Following the launch of the Heat Networks (Metering & Billing) Regulations 2014, landlords who supply heat to their tenants have new legal duties as heat suppliers. The practical implications for some of these duties have been in a state of flux over recent months as published feasibility mechanisms for heat metering solutions have been withdrawn for reappraisal. Meanwhile some compliance dates associated to the new regulations have passed and others creep closer; with a substantial proportion of managing agents, developers and landlords risking non-compliance.
In light of the faltering start to the implementation of this aspect of the EU Energy Efficiency Directive, SMS is consulting with customers, industry bodies and the regulator to help organisations put together practical plans for their building portfolios. From these discussions there are a few key points that we are keen to clarify / share:
- The deadline for notifying the Government (National Measurement and Regulation Office) of the existence of a communal or district heating system passed on 31st December 2015
- There is a current legal requirement for any existing heat network (which counter-intuitively includes cooling by chilled water as well as shared supplies for domestic hot water and heating) to be identified and described to the NMRO through their notification process
- Under the legislation, each of these heat networks will require a feasibility assessment to be undertaken to consider the case for heat metering for each tenant area based on a practicality and cost effectiveness test. While a tool and methodology relating to this assessment had been published, it has now been withdrawn pending review
- By our calculations (and assumptions may vary), the declared methodology would typically have classed heat metering as not cost effective unless the individual domestic tenants paid £800 per annum for heat or commercial tenants paid £1600 per annum for heat (& cooling if delivered by chilled water).

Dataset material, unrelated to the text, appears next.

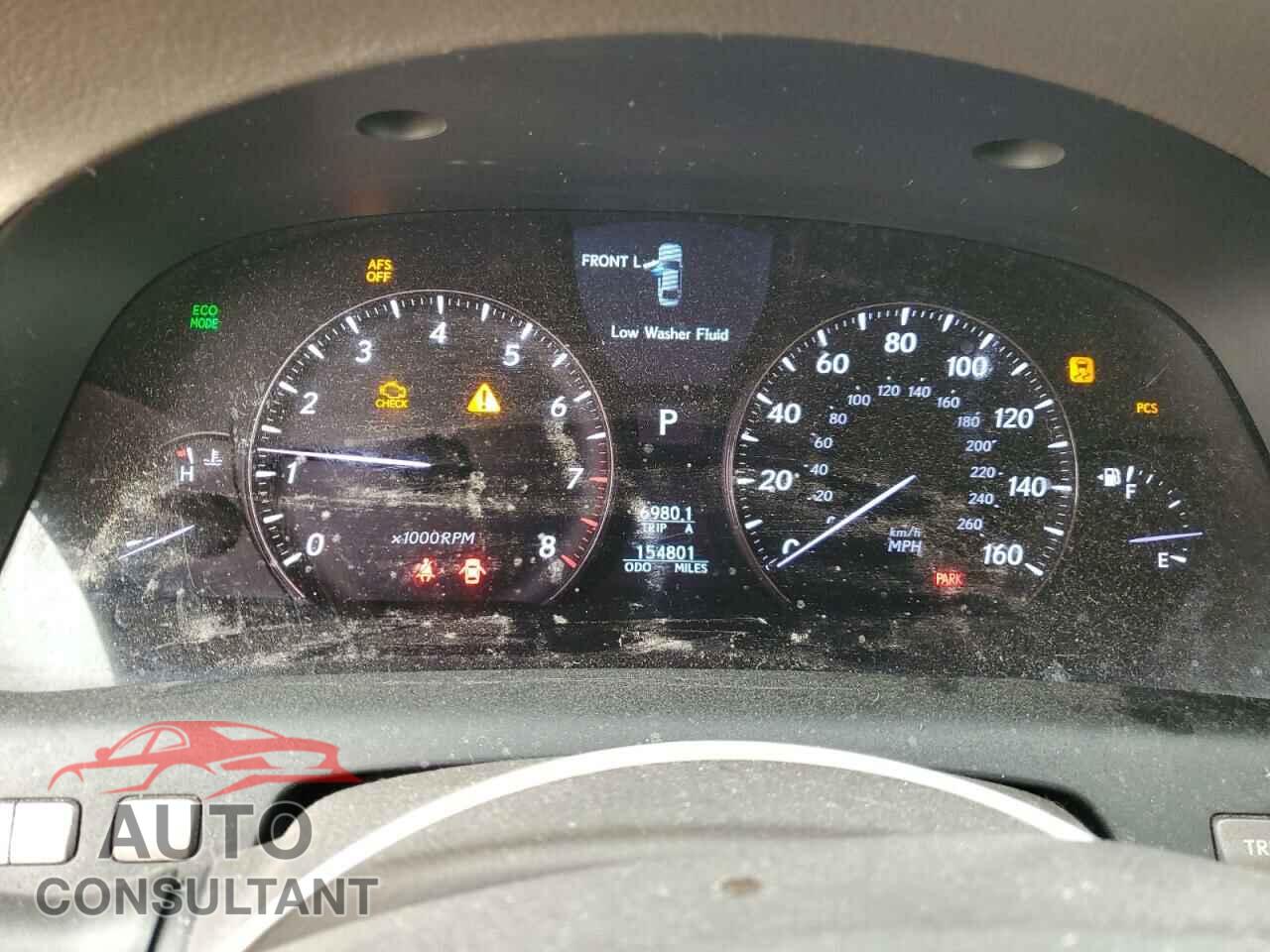 LEXUS LS460 2011 - JTHGL5EF5B5042720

These circumstances are rare and it is considered that a revised feasibility tool would lead to the mandating of meters in a greater number of circumstances
- Currently the deadline for feasibility assessment stands at 31st December 2016, but without the existence of an approved assessment tool there is no practical way to meet this requirement. News on the release of a revised tool is expected during the early part of the summer, with an expectation that the deadline will be deferred
- Heat metering and billing for new buildings is legally required in some cases (multi-building networks) and highly recommended in others (multi-tenanted buildings). Ensuring these meters and tenant billing strategies are integrated into the development process will avoid potentially costly retrofit projects
While the regulations are the significant driver for organisations seeking to maintain their license to operate, there are regularly other tangible benefits to heat metering on all levels: landlord; tenant; and for wider society. From our experience, the deployment of monitoring systems and transparent billing processes can benefit landlords by shrinking the service charge pot, while ensuring tenants pay for what they use and can hence self-regulate their usage. It is often the case that saving opportunities can also be recognised through this process.
For organisations that need to better understand what impact this legislation will have, SMS are offering free briefings and consultations. We highly recommend that organisations get plans in place as soon as reasonably possible, so that changes to tenant billing, heat metering systems and official notifications can be managed to ensure continuous compliance.